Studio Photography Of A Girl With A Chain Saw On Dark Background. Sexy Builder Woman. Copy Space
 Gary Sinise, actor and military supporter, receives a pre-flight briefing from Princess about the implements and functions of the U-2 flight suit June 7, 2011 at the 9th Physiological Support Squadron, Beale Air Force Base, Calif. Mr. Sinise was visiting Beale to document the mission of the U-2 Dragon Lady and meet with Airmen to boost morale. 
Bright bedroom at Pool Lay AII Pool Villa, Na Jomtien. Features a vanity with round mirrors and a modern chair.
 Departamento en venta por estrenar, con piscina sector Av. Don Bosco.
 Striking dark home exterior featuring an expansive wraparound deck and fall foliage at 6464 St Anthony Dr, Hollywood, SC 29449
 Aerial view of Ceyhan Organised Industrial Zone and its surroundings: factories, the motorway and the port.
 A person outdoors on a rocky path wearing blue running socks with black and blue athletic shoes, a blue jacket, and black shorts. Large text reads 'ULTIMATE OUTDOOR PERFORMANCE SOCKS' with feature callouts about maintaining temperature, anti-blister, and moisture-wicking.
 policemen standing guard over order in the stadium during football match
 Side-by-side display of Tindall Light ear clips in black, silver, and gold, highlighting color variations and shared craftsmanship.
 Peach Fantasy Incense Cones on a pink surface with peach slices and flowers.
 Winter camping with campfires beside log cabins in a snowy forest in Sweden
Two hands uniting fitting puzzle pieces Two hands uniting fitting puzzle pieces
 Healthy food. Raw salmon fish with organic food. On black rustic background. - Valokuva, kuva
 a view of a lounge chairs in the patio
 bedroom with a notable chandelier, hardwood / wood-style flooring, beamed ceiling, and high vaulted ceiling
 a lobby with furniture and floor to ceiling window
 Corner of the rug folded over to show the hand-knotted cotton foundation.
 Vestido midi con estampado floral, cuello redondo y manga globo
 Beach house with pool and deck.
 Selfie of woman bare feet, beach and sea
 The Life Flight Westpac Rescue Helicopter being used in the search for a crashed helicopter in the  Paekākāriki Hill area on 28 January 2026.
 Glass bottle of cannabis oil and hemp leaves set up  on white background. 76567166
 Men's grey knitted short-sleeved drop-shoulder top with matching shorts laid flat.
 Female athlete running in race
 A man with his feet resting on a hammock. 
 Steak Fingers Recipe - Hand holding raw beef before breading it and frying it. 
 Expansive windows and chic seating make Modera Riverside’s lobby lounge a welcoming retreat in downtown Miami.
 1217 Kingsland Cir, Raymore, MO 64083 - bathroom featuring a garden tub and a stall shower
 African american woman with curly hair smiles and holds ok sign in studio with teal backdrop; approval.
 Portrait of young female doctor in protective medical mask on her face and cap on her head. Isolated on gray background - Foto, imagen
---+---
**Goal of the exercise**
Only a number is needed here: the count of lines above that hold the string "ceiling".

**Solution for this task**
2